Türkiye’nin aktif fay hatları üzerinde bulunduğuna dikkat çeken Görür, 1999 Gölcük ve Düzce depremlerinin ardından yapılan bilimsel uyarıların yeterince dikkate alınmadığını söyledi. “1999’dan bu yana geçen 25 yılda merkezi ve yerel yönetimler depreme dirençli şehirler oluşturmak için kararlı adımlar atsaydı, bugün daha güvenli bir ülkede yaşıyor olabilirdik” dedi.
Kumburgaz fayı İstanbul için tehdit oluşturuyor
Marmara Denizi’ndeki üç aktif fay segmentine dikkat çeken Görür, özellikle kumburgaz fayı üzerinde durdu. Yaklaşık 75 kilometre uzunluğundaki bu segmentin henüz kırılmadığını belirten Görür, “Bu fay hattı kırıldığında 7’nin üzerinde bir deprem üretme potansiyeline sahip. Bu da İstanbul başta olmak üzere Marmara kıyılarının doğrudan etkileneceği anlamına gelir” diye konuştu.

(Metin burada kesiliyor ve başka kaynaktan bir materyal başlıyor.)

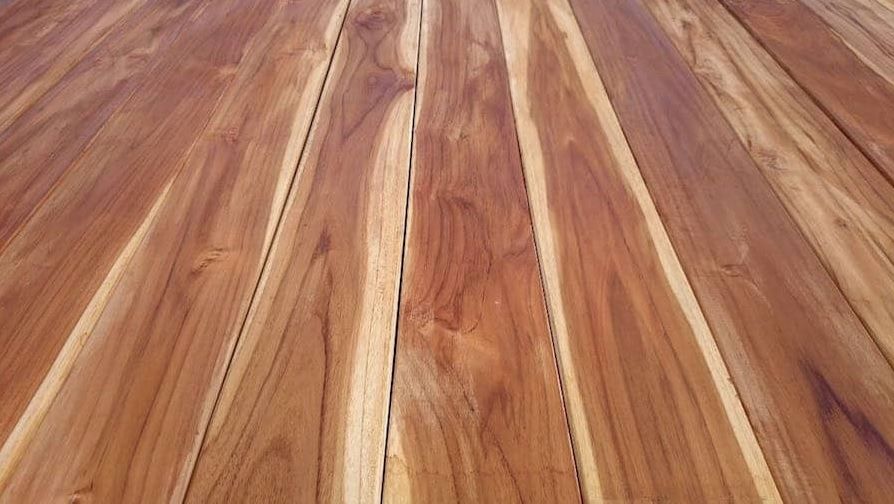 Teak Decking5b-Teak Boards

Silivri zemin yapısıyla risk altında
Silivri’nin zemin yapısının gevşek ve suya doygun olduğuna işaret eden Görür, bu tarz zeminlerin deprem dalgalarını büyüttüğünü ve yapıların zarar görme riskini artırdığını vurguladı. “Avcılar’da 1999’da yaşanan tabloyu Silivri’de yaşamamak için zemin etütlerinden başlanarak çok yönlü bir planlama yapılmalı” dedi.
“Dirençli kent sadece sağlam bina demek değil”
Görür, deprem dirençli bir kentin yalnızca güçlü binalarla değil, altyapısından ulaşım ağlarına, kamu binalarından sağlık tesislerine kadar bütün sistemlerin dayanıklılıkla tasarlanması gerektiğini söyledi. “Bu sadece inşaat değil, bir yönetim ve zihniyet meselesidir” diyerek yerel yönetimlerin sorumluluklarına dikkat çekti.
Toplum da bilinçlendirilmeli
Deprem gerçeğiyle mücadelede halkın da sorumluluk alması gerektiğini belirten Görür, “Yerel yönetimler bilim ışığında hareket etmeli, halkla iş birliği yapmalı. Depreme hazırlık sadece yöneticilerin değil, toplumun da görevidir” dedi.
“Deprem değil, ihmal öldürür”
Sözlerini çarpıcı bir ifadeyle tamamlayan Görür, “Bu ülkede deprem olacak mı diye sormak, yağmur yağacak mı diye sormak gibidir. Elbette olacak. Hazırlıklıysak bu doğa olayını felakete çevirmeyiz. Ama eğer ihmalkârsak, o zaman deprem değil, ihmal öldürür” şeklinde konuştu.